• _Exercise goal_
A faithful copy of all the data is the goal; omit the pictures.

(Data)

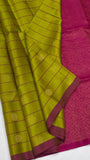 Olive green Kattam Soft Silk Saree with pink pallu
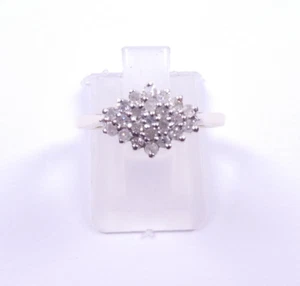 Diamond Ring 9 carat gold cluster engagement Size M 0.25 carats natural diamonds - Picture 1 of 7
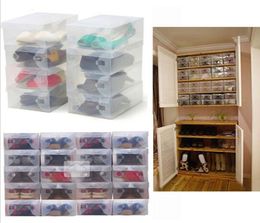 High Quality 10pcslot Foldable Plastic Shoe Storage Case Boxes Stackable Organizer Shoe Holder basket Easy DIY 04041786445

(End Data)

• _Exercise solution_
 Olive green Kattam Soft Silk Saree with pink pallu
 Diamond Ring 9 carat gold cluster engagement Size M 0.25 carats natural diamonds - Picture 1 of 7
 High Quality 10pcslot Foldable Plastic Shoe Storage Case Boxes Stackable Organizer Shoe Holder basket Easy DIY 04041786445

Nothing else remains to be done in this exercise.